Process a single image
This method is normally used if you just want to extract the text from an image. If you want something more like advanced like an ALTO XML, HOCR XML, or PDF file, then you would want to read the next section on scanning multiple files.
using Tesseract
download_languages()
instance = TessInst()
pix = sample_pix()
tess_image(instance, pix)
tess_resolution(instance, 72)
text = tess_text(instance)
print(text)
# output
No one would have believed in the last years of the
the nineteenth century that this world was being watched
watched keenly and closely by intelligences greater than
than man’s and yet as mortal as his own; that as men busied
busied themselves about their various concerns they were
were scrutinised and studied, perhaps almost as narrowly as
as a man with a microscope might scrutinise the transient
transient creatures that swarm and multiply in a drop of
of water. With infinite complacency men went to and fro over
over this globe about their little affairs, serene in their
their assurance of their empire over matter. It is possible
possible that the infusoria under the microscope do the
the same.

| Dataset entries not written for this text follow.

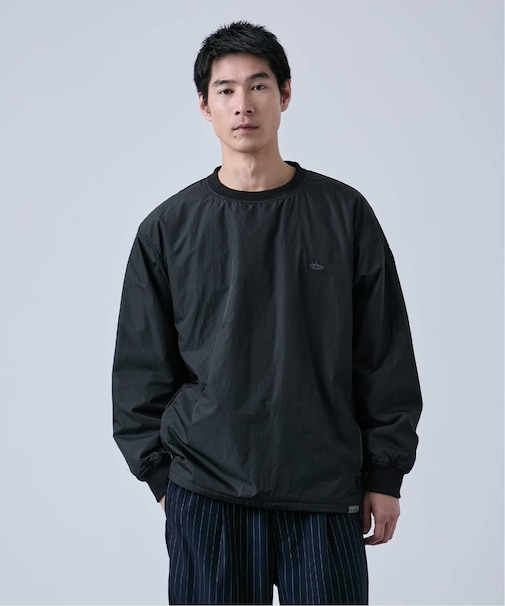 C.H.G パデットクルーネックプルオーバー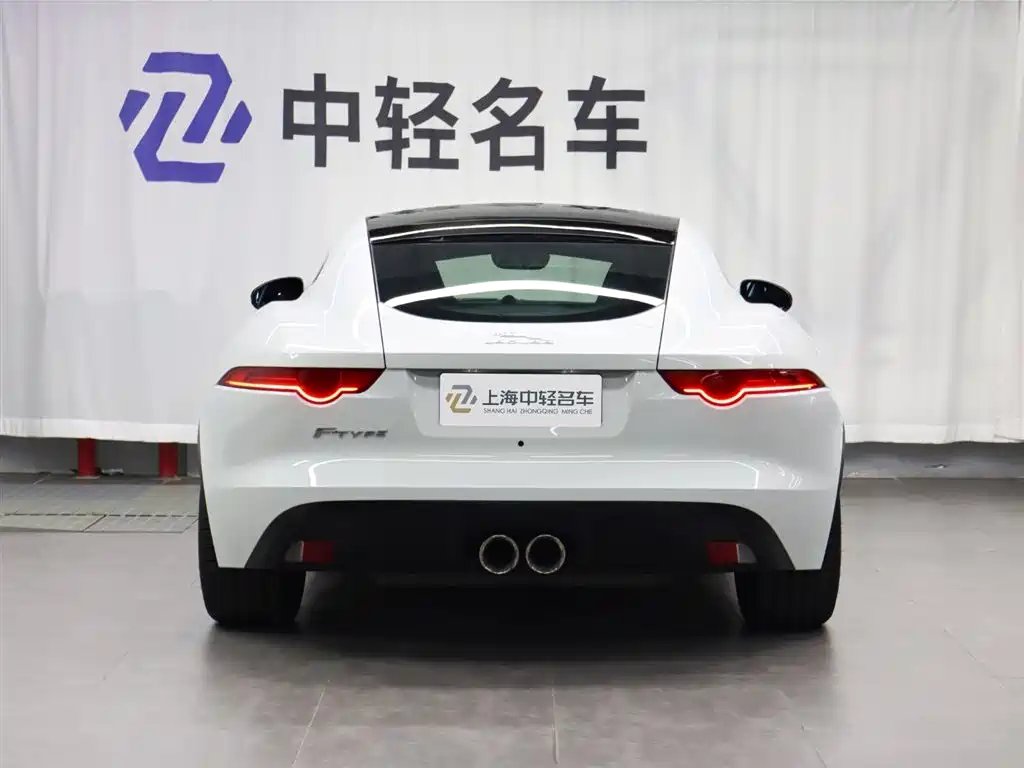 Jaguar F-TYPE 3.0 SC Hardtop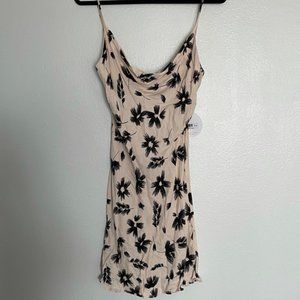 Floral Slip Mini Dress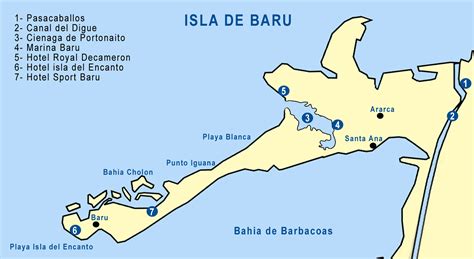 More information about Baru Island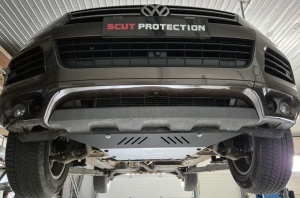 Scut motor VW Touareg 2010 - 2018 - Img 10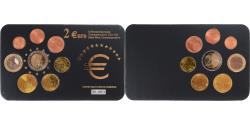 World Coins - Germany, Euro-Set, 2002-2006, Set 8 monnaies Euro,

No one gave a thought to the older worlds of space
space as sources of human danger, or thought of them only to
to dismiss the idea of life upon them as impossible or
or improbable. It is curious to recall some of the mental
mental habits of those departed days. At most terrestrial
terrestrial men fancied there might be other men upon Mars,
Mars, perhaps inferior to themselves and ready to welcome a
a missionary enterprise. Vet across the gulf of space, minds
minds that are to our minds as ours are to those of the
the beasts that perish, intellects vast and cool and
and unsympathetic, regarded this earth with envious eyes
eyes, and slowly and surely drew their plans against us. And
And early in the twentieth century came the great
great disillusionment.
This example uses sample_pix to get an image with text to test with. Normally you would use pix_read to load an image from disk. Next tess_image is called to pass the image to Tesseract for OCRing. You need to call tess_resolution to let Tesseract know the PPI of the image. For a scanned image this will probably be 300, 600, or higher.
Finally to get the text Tesseract found you make a call to tess_text to retrieve the text. This method will call tess_recognize if it has not been called already. You might also be interested in calling tess_confidences to get Tesseract's confidence in the OCR process for each word. Calling tess_parsed_tsv is also helpful to get the details for each word found on the page.